Visibility & Flushes: Mastering Coherency
Understanding Host-Device Synchronization
When you use Host Image Copies, you are essentially performing a direct memory copy between the CPU and GPU. This is highly efficient, but it introduces a new kind of synchronization challenge. We must ensure that the data we write on the host (CPU) is visible to the GPU before it starts using it, and that any previous GPU work is available before we start our host copy.
In the world of Synchronization 2, we use vk::MemoryBarrier2 to express this. We are no longer syncing two different GPU stages; we are syncing the host and the device.
The Host-to-Device Dependency
The most common case is a Host-to-Device dependency. You write some data on the CPU and then want the GPU to read it in a shader. To do this, you use a barrier with srcStageMask = vk::PipelineStageFlagBits2::eHost and dstStageMask set to the shader stage where the image will be read.
auto hostToDeviceBarrier = vk::ImageMemoryBarrier2{
.srcStageMask = vk::PipelineStageFlagBits2::eHost,
.srcAccessMask = vk::AccessFlagBits2::eHostWrite,
.dstStageMask = vk::PipelineStageFlagBits2::eFragmentShader,
.dstAccessMask = vk::AccessFlagBits2::eShaderRead,
.oldLayout = vk::ImageLayout::eGeneral,
.newLayout = vk::ImageLayout::eShaderReadOnlyOptimal,
.image = gpuImage.image(),
.subresourceRange = subresourceRange
};
commandBuffer.pipelineBarrier2(vk::DependencyInfo{.imageMemoryBarrierCount = 1, .pImageMemoryBarriers = &hostToDeviceBarrier});
The eHost stage mask is a special flag that tells the GPU: "This data was updated on the CPU. Please ensure that all CPU writes are visible before the fragment shader starts its read."

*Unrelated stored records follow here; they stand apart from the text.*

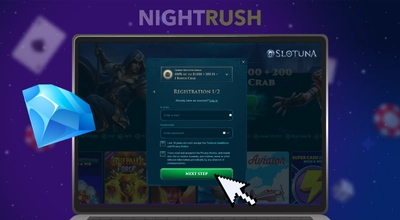 Laptop showing Slotuna website sign up pop up.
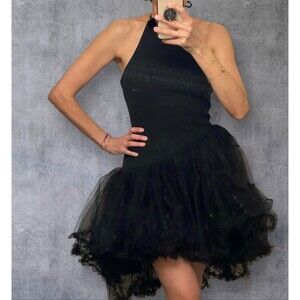 Edge Tulle Black Dress M Halter Neck Open Back Balletcore Fairy Whimsygoth Sexy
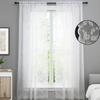 BLACK/WHITE Floral Lace Sheer Rod Pocket Curtain Panel Privacy & Light Filtering Machine Washable Bedroom Home Decor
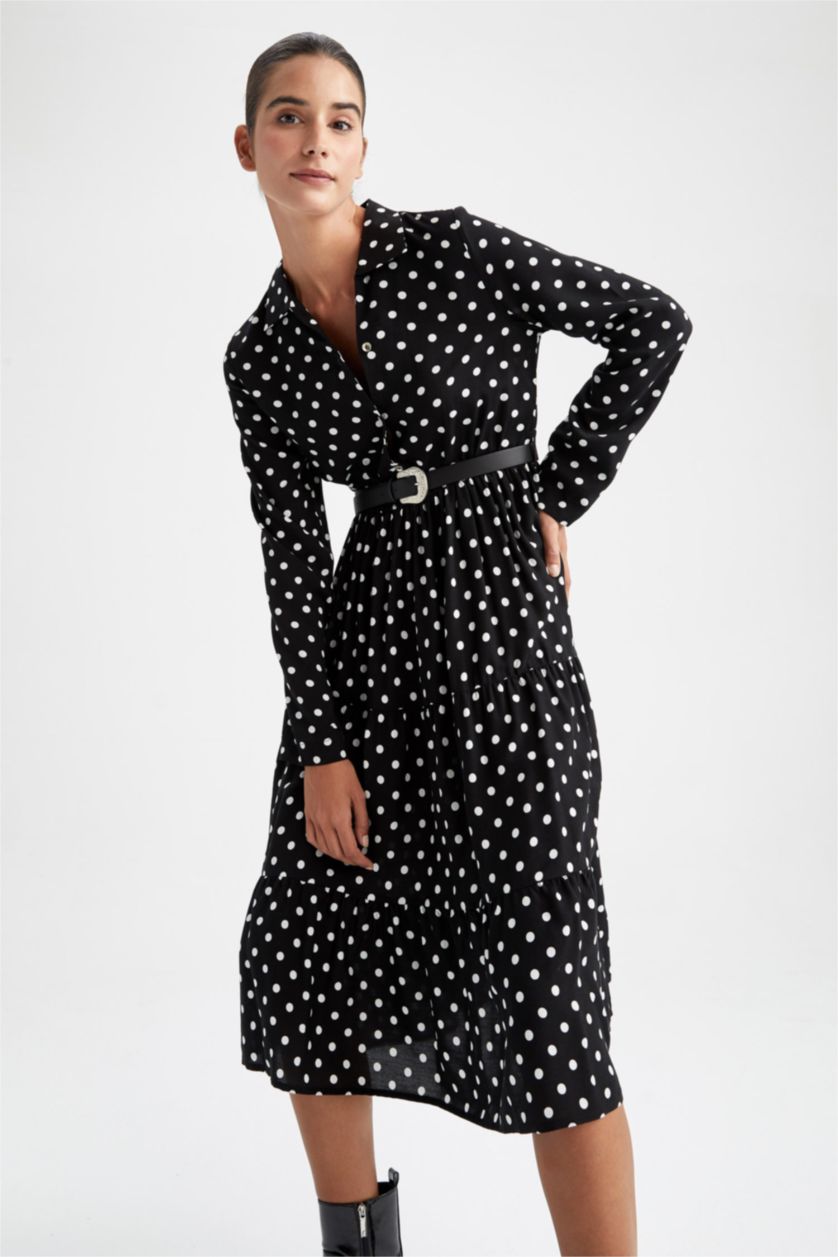 نساء أسود فستان ميدي مطبوع بياقة قميص وأكمام طويلة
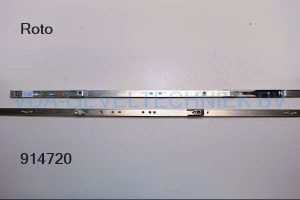 Roto NX constant stolpespagnolet (Stulpgetriebe). FFH 1801-2000 Gr.1890 Stolpvleugelraampomp met zwarte hendel. 3 x sluitplaat hendelhoogte 546 mm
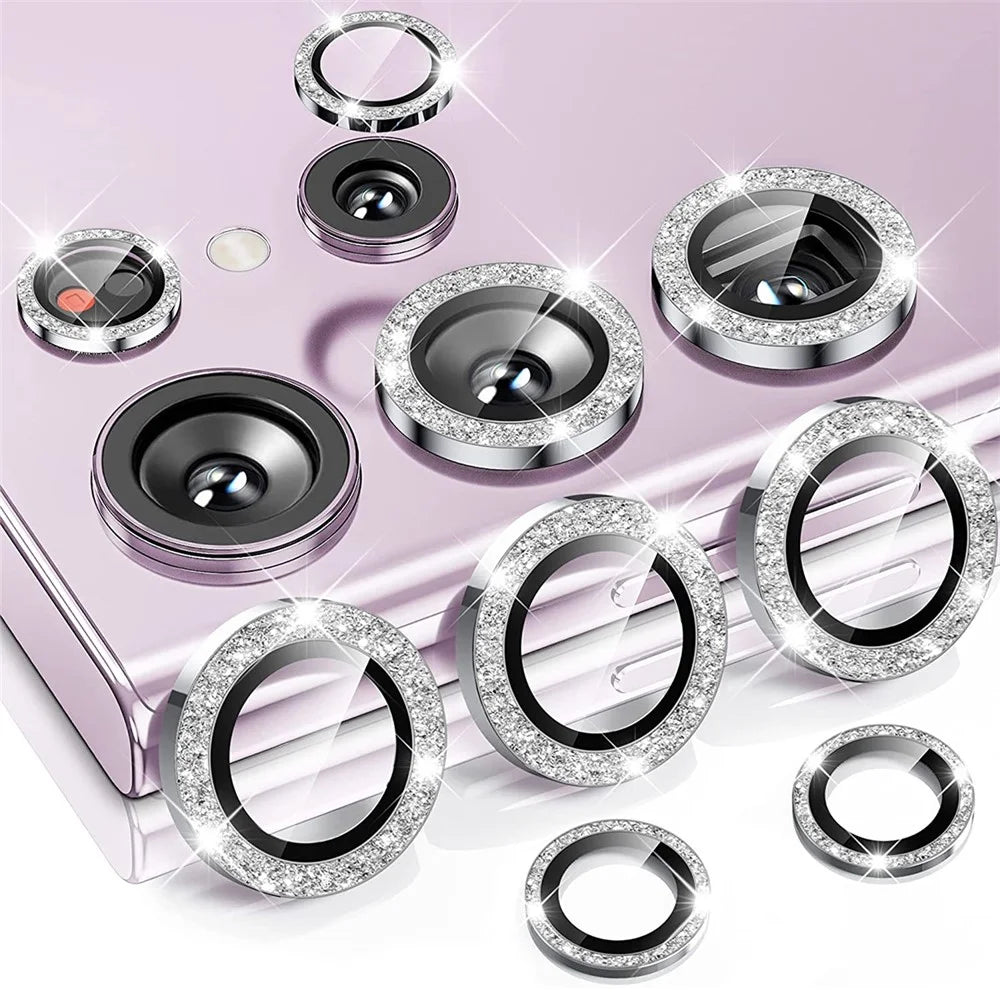 ENKAY HAT PRINCE 1 Set for Samsung Galaxy S23 Ultra Camera Lens Protector Aluminium Alloy+Tempered Glass Rhinestone Rear Lens Film - Silver - 1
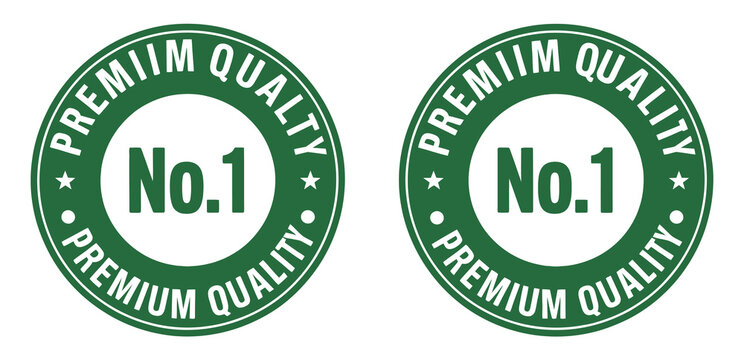 No 1 premium quality logo stamp, green star quality emblem, professional vector design for branding labels banners and marketing graphics.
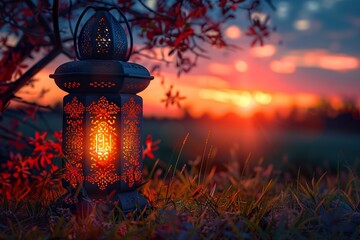 lantern at sunset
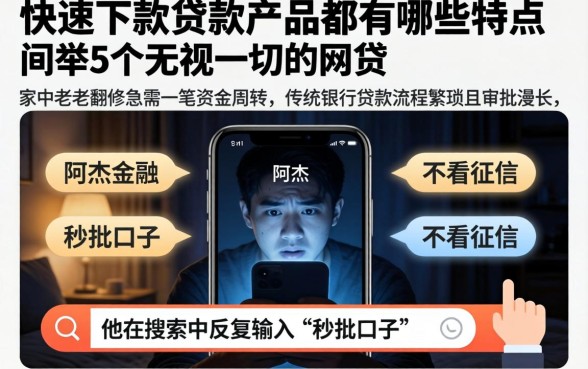 快速下款的贷款产品都有哪些特点，枚举5个无视一切的网贷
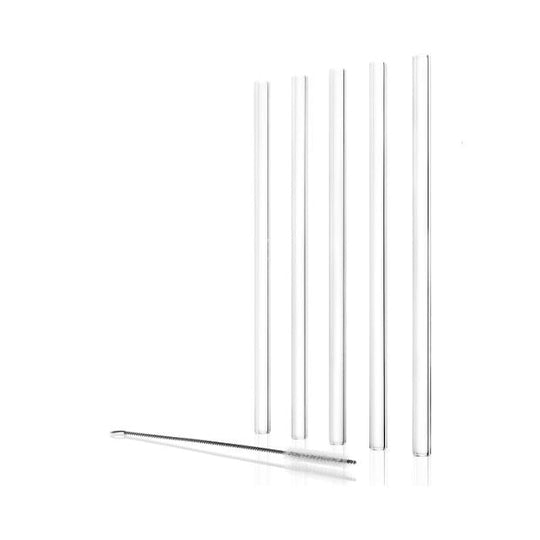Stolzle Glass Drinking Straws with Cleaning Brush - Set of 6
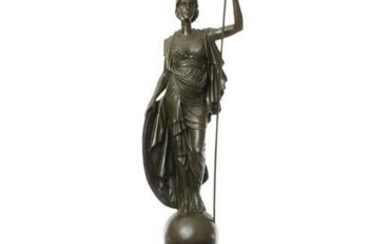 Very large bronze sculpture - Pallas Athena - On marble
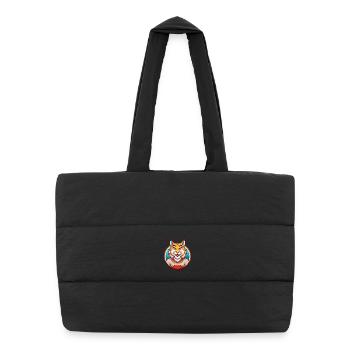 Luchs Niedlich Lustig Kawaii Cartoon Clipart Tier Haustier - Puffer-Einkaufstasche - Schwarz - Vorne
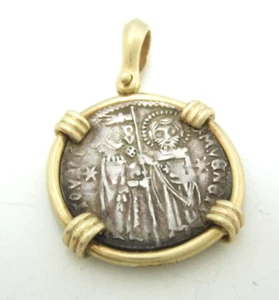 VENETIAN SILVER GROSSO 1192-1797 COIN PENDANT (18TH CENTURY) 1-3/8" 7.1G - Picture 1 of 9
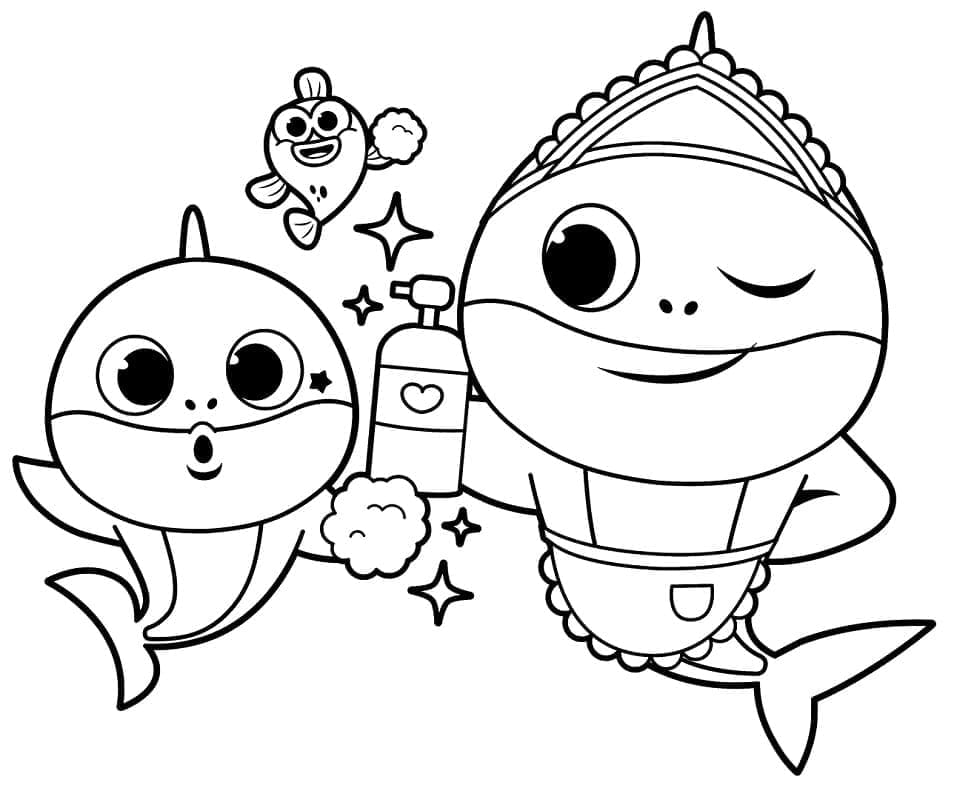 Kostenloze Baby Shark om te Printen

The Device-to-Host Dependency
The inverse case is a Device-to-Host dependency—for example, when you take a screenshot. You must ensure that the GPU has finished its rendering before the CPU starts the host copy. To do this, you record a barrier with the appropriate GPU stages as the source and eHost as the destination.
auto deviceToHostBarrier = vk::ImageMemoryBarrier2{
.srcStageMask = vk::PipelineStageFlagBits2::eColorAttachmentOutput,
.srcAccessMask = vk::AccessFlagBits2::eColorAttachmentWrite,
.dstStageMask = vk::PipelineStageFlagBits2::eHost,
.dstAccessMask = vk::AccessFlagBits2::eHostRead,
.oldLayout = vk::ImageLayout::eColorAttachmentOptimal,
.newLayout = vk::ImageLayout::eGeneral,
.image = gpuImage.image(),
.subresourceRange = subresourceRange
};
commandBuffer.pipelineBarrier2(vk::DependencyInfo{.imageMemoryBarrierCount = 1, .pImageMemoryBarriers = &deviceToHostBarrier});
In addition to the barrier, you must also use a Fence or a Timeline Semaphore on the CPU side to ensure that the command buffer containing the barrier has actually finished executing on the GPU before you attempt to call device.copyImageToMemoryEXT.
By mastering these host-device handshakes, you can build a renderer that is both extremely fast and perfectly robust, giving you a powerful new tool for managing your engine’s memory. In the final chapters of this series, we’ll see how to debug and optimize these complex synchronization patterns using the latest Vulkan tools.